Combine multiple strategies for watermark removal

valandi · valandi · commit 5101463142cb · 2026-06-23T00:06:49.000-04:00
diff --git a/README.md b/README.md
@@ -182,9 +182,8 @@ docs/b.pdf|Test3|AppB|||||2-5|200,200,500,500|||
 + `-pp [password]` - The password if the PDF files protected
 + `-pn` - Preserve original directory test names when specifying pages
 + `-nf` - Normalize all PDF fonts to Helvetica 12pt before rendering. See [Font Normalization](#font-normalization) below.
-+ `-rw [text]` - Remove text watermarks matching the given string from PDFs before rendering (case-insensitive, exact match after trim). See [Watermark Removal](#watermark-removal) below.
-+ `-rwauto` - Auto-detect a vector watermark across PDFs. ImageTester groups PDFs by their containing directory and fingerprints each group separately, so a parent folder with one subfolder per environment (e.g. `pre/`, `uat/`) cleans correctly in one run. Each group needs at least 2 PDFs. See [Watermark Removal](#watermark-removal).

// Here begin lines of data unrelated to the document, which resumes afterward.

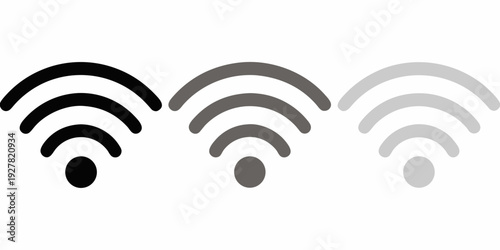 Three wifi signal strength icons demonstrating varying levels of connectivity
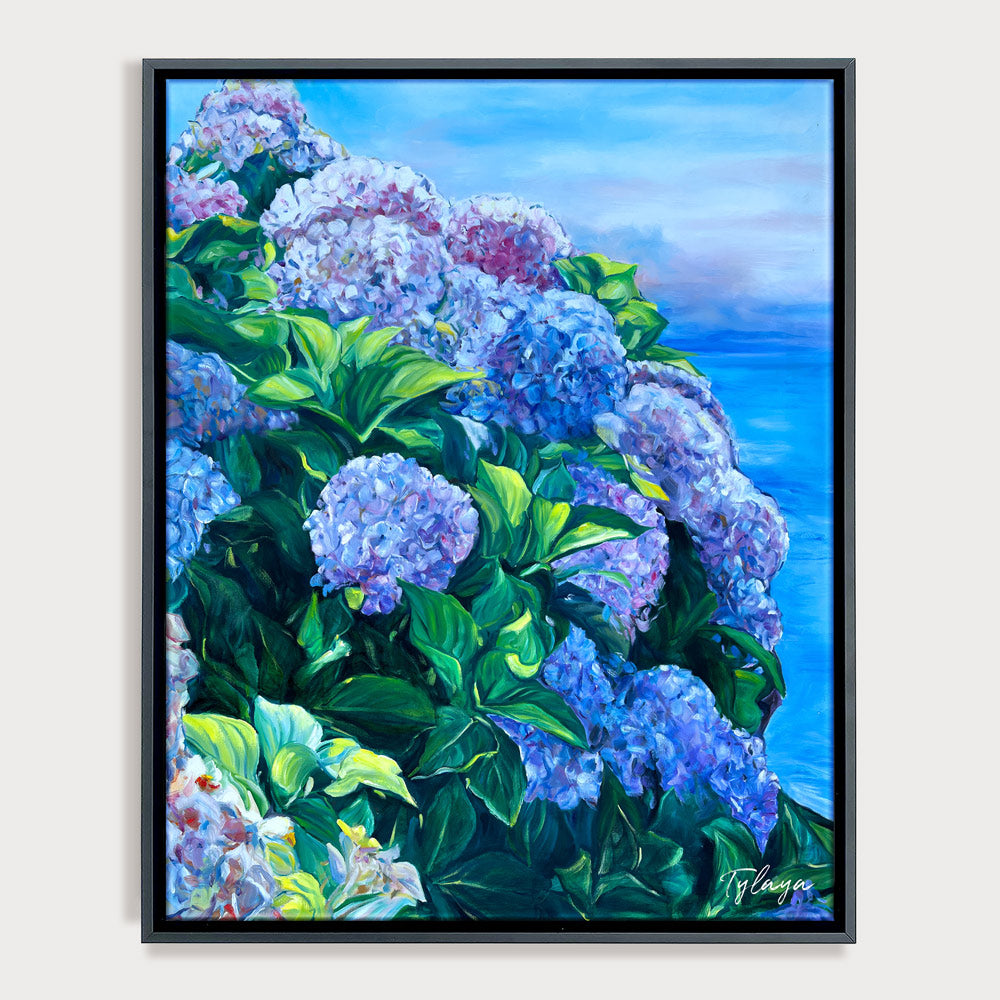 Tableau Peinture Fleurs bleues Hortensias face à l’océan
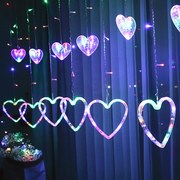 Instalatie de Craciun, perdea 12 Inimi, 3 metri, multicolor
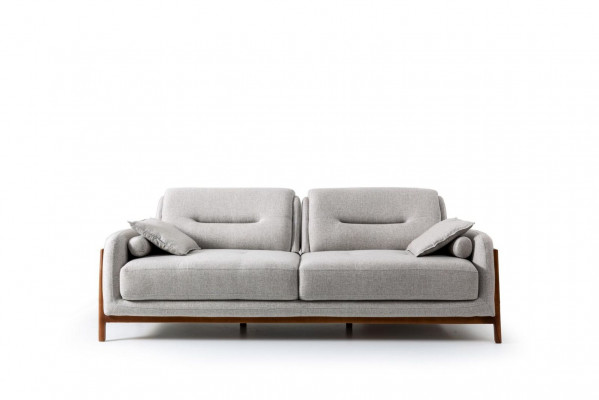 Luxe bank 3-zits bankstel meubels in moderne woonkamer gestoffeerd met textiel.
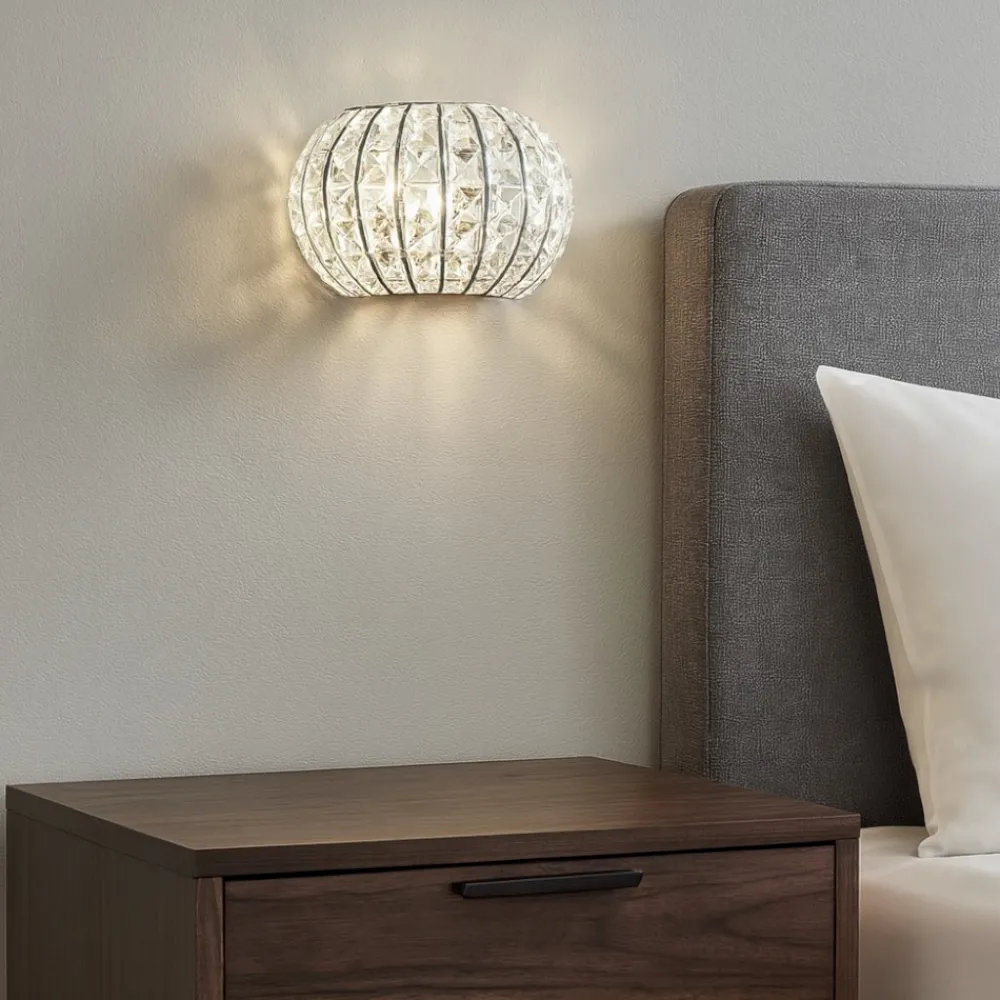 Applique Camera Da Letto-Ideal Lux Calypso ap2 applique di cristallo per comodino camera da letto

-+ `-rwo [dir]` - Standalone output mode. Write cleaned PDFs to the given directory and exit without uploading to Applitools. Combine with `-rw` or `-rwauto`.
++ `-rwauto` - Auto-detect and remove a watermark (a stamped outline like a diagonal "UAT - Proof"). ImageTester groups PDFs by their containing folder, detects the watermark's fill color shared across each group, then strips only the paths drawn in that color — all other content is left intact. Each group needs at least 2 PDFs **from the same source** (all carrying the same watermark); a parent folder with one subfolder per environment (e.g. `pre/`, `uat/`) is cleaned correctly in one run. See [Watermark Removal](#watermark-removal).
++ `-rwo [dir]` - Standalone output mode. Write cleaned PDFs to the given directory and exit without uploading to Applitools. Combine with `-rwauto`.
 
 ### Font Normalization
 Font changes (family swaps, weight tweaks, kerning differences) are one of the most common sources of
@@ -217,28 +216,49 @@ captured without normalization. Plan for a baseline refresh when rolling this ou
 
 ### Watermark Removal
 
-Strips pre-production watermarks ("DRAFT", "PRE-Proof", etc.) from PDFs in memory before uploading
-to Eyes. Original PDFs on disk are never modified.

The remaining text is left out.